Just hours before his death, the 21-year-old rapper posted several alarming images on Instagram with even more chilling captions. “When I die You’ll love me” “I just wana be everybody’s everything I want too much from people but then I don’t want anything from them…”

It is quite upsetting that we live in a time where society is numb to things like this. Our favorite artists are crying out for help right before our eyes and we can’t help but make their pleads strip club anthems underground hits.

Wifisfuneral: “Lost in a trance so I popped 3 xans”

Lil Uzi: “I’m committed, not addicted but it keep controlling me”

Future:Feed me dope, and I start seeing ghosts”

They’re drowning in actavis, popping pills left and right to numb the pain. How many incidents will it take for a change to happen? Genius can only elaborate so much about lyrics from artists we “care” for until we realize it wasn’t for the clout.
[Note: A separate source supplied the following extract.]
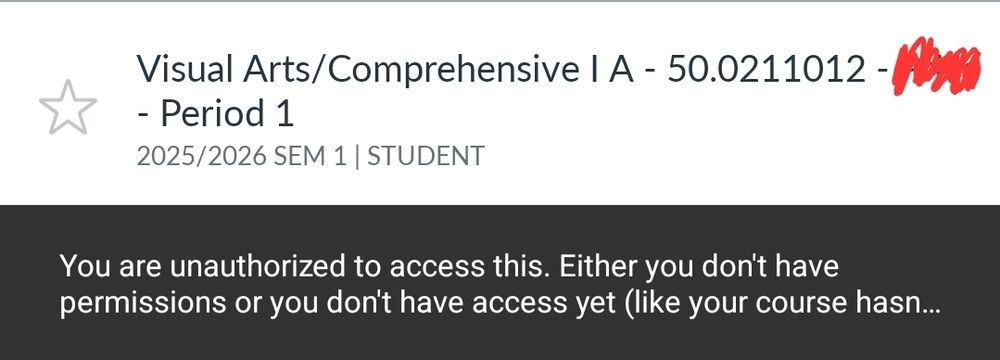 An image if my canvas for my Visual Arts/Comprehensive IA class but its inaccessible because "You are unauthorized to access this. Either you dont have permissions or you dont have access yet (like your course hasn..."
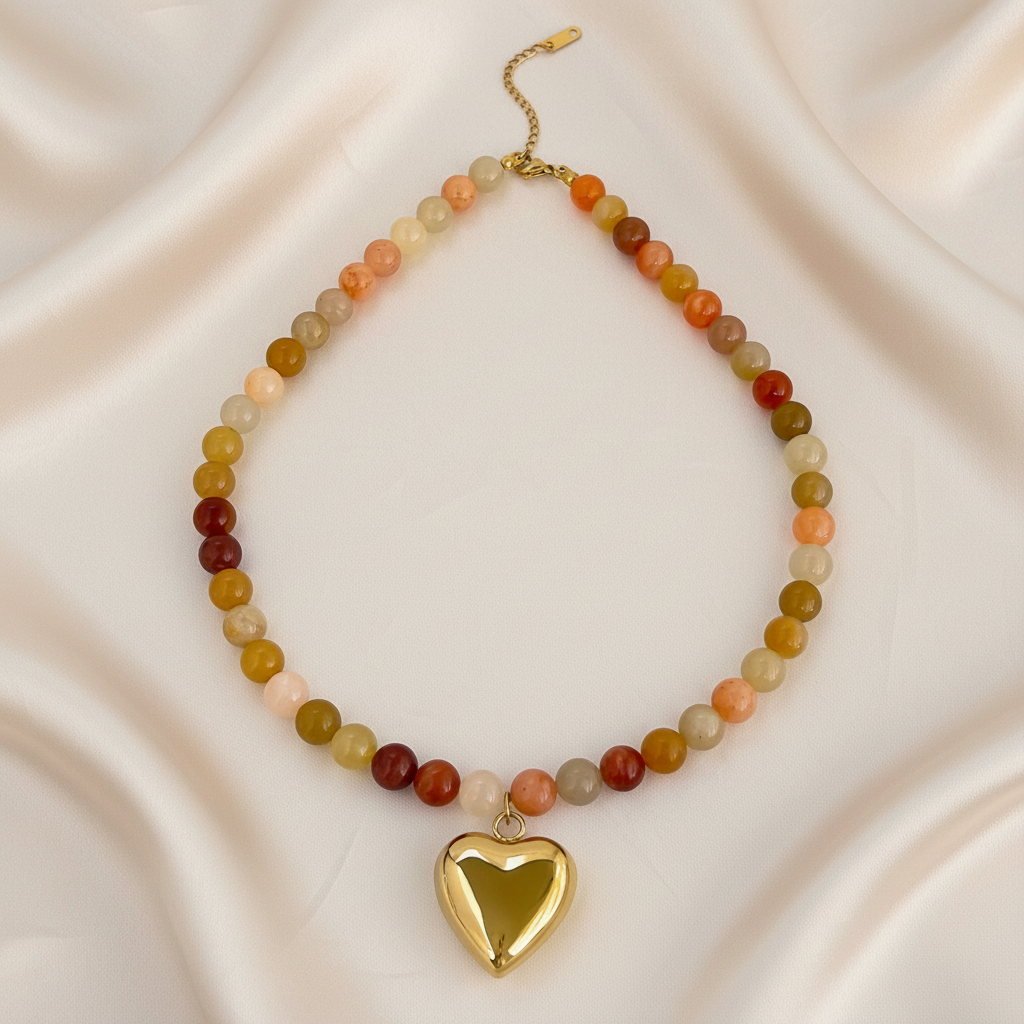18K Gold Plated Steel Necklace - Boho Brown/Orange Natural Stone Handmade Beaded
Our OGs, such as Wiz Khalifa, have been vocal about the drug culture which has confiscated control and the lives of many.

It’s unfortunate that Lil Peep had to die and stuff like that, but these are the things people are gonna start seeing and keep happening if they don’t really relax and fall back. I just want to be the responsible person and say something.”

Nevertheless, Lil Peep’s contribution to rap-rock is what is left behind in his musical legacy. Although his career was brief, he cultivated a fan base in the underground hip hop scene that looked up to him as an inspiration and hero. The emo/goth rapper/rockstar will continue to live through his projects and the vision he set forth for the youth.